Viola is an Oscar-award winning actress, being the only black woman to be nominated three times. She's won the triple crown of acting; she's also a successful producer. She graduated from Juilliard and has been named one of Time's Most Influential People. But like most success stories, she's a product of overcoming odds and having a hunger for her craft. Viola has been vocal about how she grew up in poverty and has been outspoken about the trauma survivors live with after enduring sexual assault. She's a crusader for human rights - she'll be awarded at the ACLU Bill of Rights dinner this December - and although she is exemplary at all of these things, oftentimes delivering inspirational speeches on all the aforementioned issues, she never sounds rehearsed or calculated. With many celebrities, you can see the wheels spinning. They're thinking about what they've been trained to say. They're cautious. They're overanalyzing the question.


Not Viola.


She could totally be rehearsed - of course she could be. She's a decorated thespian and Hollywood mainstay. But it doesn't feel forced, contrived, or like she's talking at you when answering a question - she's talking directly to you. Many members of the media who have spoken with Viola have joked that it was like a spiritual experience to have a conversation with her. She's no BS, she doesn't skip a beat, and you take to heart everything she has to say.

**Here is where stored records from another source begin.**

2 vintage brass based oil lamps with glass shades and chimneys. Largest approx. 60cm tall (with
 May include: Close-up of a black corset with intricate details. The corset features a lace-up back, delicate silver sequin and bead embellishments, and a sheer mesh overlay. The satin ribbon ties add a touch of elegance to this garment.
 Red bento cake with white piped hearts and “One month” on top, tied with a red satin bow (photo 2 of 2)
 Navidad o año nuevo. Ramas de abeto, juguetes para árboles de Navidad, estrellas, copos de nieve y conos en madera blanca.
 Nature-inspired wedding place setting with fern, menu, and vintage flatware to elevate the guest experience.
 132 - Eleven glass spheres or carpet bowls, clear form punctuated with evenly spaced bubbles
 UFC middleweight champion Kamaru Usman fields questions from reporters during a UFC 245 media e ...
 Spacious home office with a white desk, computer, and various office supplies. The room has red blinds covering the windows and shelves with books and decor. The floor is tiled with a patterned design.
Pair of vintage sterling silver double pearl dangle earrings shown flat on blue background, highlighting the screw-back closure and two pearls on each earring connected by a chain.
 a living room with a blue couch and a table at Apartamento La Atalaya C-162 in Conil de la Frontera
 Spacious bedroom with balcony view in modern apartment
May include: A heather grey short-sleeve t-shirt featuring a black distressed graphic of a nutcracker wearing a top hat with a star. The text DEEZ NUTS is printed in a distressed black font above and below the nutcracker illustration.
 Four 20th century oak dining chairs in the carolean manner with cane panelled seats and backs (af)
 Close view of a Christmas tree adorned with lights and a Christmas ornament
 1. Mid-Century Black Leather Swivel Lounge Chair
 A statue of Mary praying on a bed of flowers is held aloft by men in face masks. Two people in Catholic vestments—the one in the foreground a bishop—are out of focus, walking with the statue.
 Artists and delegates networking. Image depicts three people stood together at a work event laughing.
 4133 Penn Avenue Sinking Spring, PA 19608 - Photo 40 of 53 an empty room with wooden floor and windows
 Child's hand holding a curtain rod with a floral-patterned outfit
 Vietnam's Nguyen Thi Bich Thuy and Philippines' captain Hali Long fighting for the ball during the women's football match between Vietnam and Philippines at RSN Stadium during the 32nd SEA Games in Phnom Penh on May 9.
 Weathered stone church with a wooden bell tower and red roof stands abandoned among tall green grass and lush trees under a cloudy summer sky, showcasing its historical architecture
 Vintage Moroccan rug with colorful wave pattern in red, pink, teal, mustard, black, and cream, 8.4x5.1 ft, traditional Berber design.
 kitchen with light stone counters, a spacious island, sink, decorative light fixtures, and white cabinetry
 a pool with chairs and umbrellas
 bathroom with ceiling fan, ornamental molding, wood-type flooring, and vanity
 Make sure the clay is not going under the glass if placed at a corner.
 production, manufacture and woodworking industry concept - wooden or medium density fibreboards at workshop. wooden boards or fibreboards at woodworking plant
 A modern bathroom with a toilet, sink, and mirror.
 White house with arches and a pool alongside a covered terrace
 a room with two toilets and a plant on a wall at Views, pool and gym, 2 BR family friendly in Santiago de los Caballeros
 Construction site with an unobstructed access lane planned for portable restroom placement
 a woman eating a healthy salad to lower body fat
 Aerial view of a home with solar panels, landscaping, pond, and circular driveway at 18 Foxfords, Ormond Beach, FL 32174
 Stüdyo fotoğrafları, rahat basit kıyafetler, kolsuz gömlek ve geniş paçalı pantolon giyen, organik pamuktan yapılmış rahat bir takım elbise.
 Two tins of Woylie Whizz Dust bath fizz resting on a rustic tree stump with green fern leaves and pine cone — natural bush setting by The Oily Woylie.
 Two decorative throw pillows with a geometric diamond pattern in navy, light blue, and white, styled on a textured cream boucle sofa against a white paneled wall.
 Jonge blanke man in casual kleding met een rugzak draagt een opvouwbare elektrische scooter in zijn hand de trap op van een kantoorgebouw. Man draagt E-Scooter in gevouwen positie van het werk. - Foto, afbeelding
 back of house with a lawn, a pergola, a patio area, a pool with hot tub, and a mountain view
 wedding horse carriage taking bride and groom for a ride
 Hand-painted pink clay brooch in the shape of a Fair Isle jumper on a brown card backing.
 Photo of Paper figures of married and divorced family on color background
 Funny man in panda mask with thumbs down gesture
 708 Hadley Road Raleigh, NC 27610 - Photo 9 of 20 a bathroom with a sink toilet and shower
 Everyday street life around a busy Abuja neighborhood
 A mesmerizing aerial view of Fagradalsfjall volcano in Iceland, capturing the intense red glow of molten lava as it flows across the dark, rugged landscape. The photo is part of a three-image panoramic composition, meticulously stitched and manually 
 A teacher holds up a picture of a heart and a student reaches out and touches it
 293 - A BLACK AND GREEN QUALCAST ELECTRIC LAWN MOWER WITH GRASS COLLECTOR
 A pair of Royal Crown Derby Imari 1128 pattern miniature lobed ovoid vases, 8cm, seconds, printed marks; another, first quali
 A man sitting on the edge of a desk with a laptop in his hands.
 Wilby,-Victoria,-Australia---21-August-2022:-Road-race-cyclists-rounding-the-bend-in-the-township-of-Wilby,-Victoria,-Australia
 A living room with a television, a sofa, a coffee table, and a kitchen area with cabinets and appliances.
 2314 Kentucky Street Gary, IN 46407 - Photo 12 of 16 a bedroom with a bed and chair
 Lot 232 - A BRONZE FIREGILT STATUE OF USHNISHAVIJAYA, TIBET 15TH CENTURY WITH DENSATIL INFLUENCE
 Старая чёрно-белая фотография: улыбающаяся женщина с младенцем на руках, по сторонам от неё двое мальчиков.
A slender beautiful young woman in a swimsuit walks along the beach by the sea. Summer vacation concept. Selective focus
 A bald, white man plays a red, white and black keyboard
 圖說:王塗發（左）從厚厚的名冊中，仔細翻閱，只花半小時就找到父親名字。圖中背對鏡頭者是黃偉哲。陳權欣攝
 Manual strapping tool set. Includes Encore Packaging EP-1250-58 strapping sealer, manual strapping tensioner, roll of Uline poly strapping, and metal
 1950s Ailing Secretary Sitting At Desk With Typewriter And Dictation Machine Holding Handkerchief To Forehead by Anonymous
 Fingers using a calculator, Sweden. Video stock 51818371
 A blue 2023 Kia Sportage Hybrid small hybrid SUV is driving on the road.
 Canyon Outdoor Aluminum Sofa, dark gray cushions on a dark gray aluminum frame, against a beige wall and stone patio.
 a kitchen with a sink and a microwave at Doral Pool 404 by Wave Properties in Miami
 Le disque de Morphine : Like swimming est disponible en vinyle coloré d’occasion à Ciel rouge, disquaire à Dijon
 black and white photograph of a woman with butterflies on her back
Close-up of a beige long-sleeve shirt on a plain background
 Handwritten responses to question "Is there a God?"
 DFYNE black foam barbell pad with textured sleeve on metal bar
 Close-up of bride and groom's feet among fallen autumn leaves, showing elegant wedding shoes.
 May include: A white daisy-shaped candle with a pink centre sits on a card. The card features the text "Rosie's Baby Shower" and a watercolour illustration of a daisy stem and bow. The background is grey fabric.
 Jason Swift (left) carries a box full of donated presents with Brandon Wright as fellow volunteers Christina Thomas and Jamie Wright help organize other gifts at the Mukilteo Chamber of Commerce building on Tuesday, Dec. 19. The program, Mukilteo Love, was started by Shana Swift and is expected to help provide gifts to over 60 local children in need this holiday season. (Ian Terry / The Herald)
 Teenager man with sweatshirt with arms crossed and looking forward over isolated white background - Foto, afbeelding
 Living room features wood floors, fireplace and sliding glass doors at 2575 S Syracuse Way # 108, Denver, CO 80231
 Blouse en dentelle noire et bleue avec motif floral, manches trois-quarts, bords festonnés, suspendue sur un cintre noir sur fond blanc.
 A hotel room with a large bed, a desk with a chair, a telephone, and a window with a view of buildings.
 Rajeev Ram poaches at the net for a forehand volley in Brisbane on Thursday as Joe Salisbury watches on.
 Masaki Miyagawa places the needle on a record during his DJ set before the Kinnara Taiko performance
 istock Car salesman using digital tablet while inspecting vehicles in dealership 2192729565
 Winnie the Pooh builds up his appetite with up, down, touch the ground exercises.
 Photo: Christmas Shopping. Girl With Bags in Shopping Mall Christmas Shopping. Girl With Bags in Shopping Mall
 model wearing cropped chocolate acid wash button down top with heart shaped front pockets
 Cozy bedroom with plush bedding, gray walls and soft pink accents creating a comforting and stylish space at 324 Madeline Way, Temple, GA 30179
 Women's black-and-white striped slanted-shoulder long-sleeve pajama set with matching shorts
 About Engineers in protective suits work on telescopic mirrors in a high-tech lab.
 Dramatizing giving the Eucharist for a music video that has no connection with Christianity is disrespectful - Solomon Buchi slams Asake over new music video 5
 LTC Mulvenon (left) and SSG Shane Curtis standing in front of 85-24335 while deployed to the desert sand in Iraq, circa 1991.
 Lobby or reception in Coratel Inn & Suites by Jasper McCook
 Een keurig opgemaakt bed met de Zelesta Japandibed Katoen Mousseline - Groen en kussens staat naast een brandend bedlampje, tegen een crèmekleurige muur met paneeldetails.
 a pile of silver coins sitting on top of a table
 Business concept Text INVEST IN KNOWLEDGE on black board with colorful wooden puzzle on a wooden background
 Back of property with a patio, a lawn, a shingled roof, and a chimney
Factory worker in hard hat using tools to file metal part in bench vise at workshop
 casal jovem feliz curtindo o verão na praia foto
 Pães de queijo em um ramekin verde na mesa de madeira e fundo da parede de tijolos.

For instance, when asked if we've come a long way when it comes to beauty ideals, she doesn't stew on the answer. "At least when I was a kid, I saw very few models, you know, when I saw models, I mean people who look like me, even in commercials. Very few African-American women, very few women of color, very few women with different body types. I think we're evolved in that sense," she said. "Where we have some ways to go is that everybody wants to look like someone else. You go to a plastic surgeon's office, 'Give me Angelina Jolie's nose,' you know? 'I want Kim Kardashian's cheeks.' And people have to know that you have to start with the palette, which is you. At some point, you have to be OK with you. It's kind of this inner journey that one has to make. And I think that's a huge part of accepting one's beauty."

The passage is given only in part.